I looked him in the eye. "Never better."
Marlene's opens every day before noon and closes in the very early morning and is almost always populated by its regulars, most notably several local women who park themselves in a row at the bar and settle in for the duration like birds on a wire, smoking and kibitzing and getting shitfaced. But here George and I were tonight with the place to ourselves, separated by a barrier of scuffed wood, he serving, me drinking, a scenario that plays itself out everywhere, all the time, two lonely men doing some manner of business together, not quite making eye contact.

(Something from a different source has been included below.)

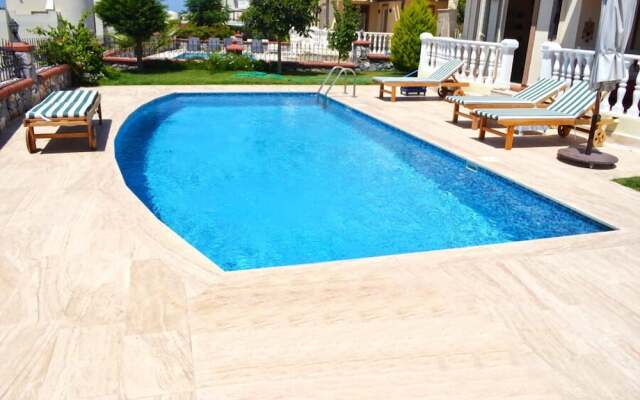 3 Bedroom Apartment Lake View 9 by Likya Global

"Couldn't find the remote the other night," said George. "Looked for it everywhere, all over my apartment. High and low. Even tried the freezer."
"What were you watching?"
"One of my programs," he said. "The one with the doctors. So I'm looking for it and the phone rings. I go to pick up the phone and press the remote and say, Hello? So there was the remote. Then I couldn't find the phone. Finally found it on top of the fridge where I left it when I was looking for the remote. Sometimes it seems like the world is playing a joke."
"And it's not always funny," I said. "By the way, Luz threw me out."

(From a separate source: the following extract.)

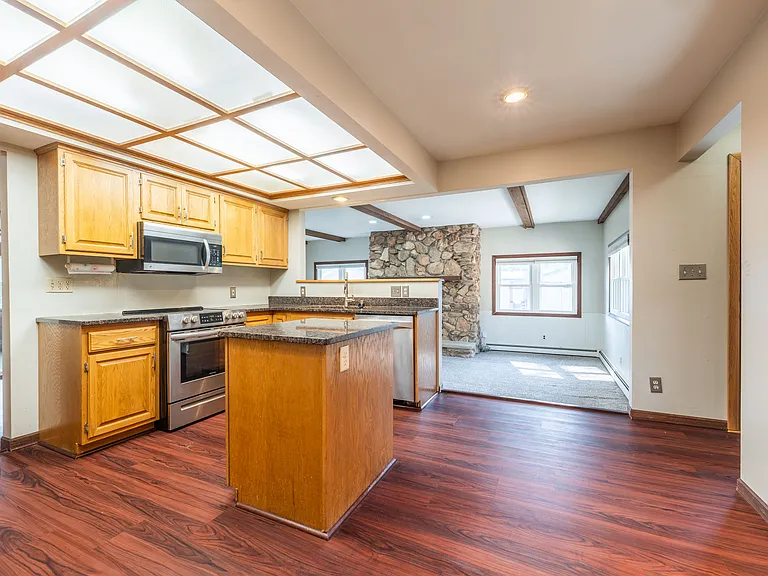 W174N9419 Joper Rd — Photo 10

"What? She did? When was this?" He looked truly shocked. Long-term marriages apparently appear as permanent to others as geographical formations; when one dissolves, it's as if Fuji or Fiji had disappeared overnight.
"Not too long ago," I said.
"Well," he said, "that's tough. That's just tough. So where you living now?"
"I'm renting a room in the hotel down by Newtown Creek."
He cocked his head and set another whiskey in front of me. "This one's on me."
"Thanks, George." I lifted my glass. "'Blindly we lurch through life like crones / Plying high heels on the cobblestones.'" That was from one of my old poems, the ones that were as accessible to my memory as my own name.
"Sure," he said. He was used to my delusions that I was the neighborhood bard. He folded his arms and looked down at the scuffed surface of the bar. "Those cobblestone bricks down on West Street are made of wood, not clay, did you know that?"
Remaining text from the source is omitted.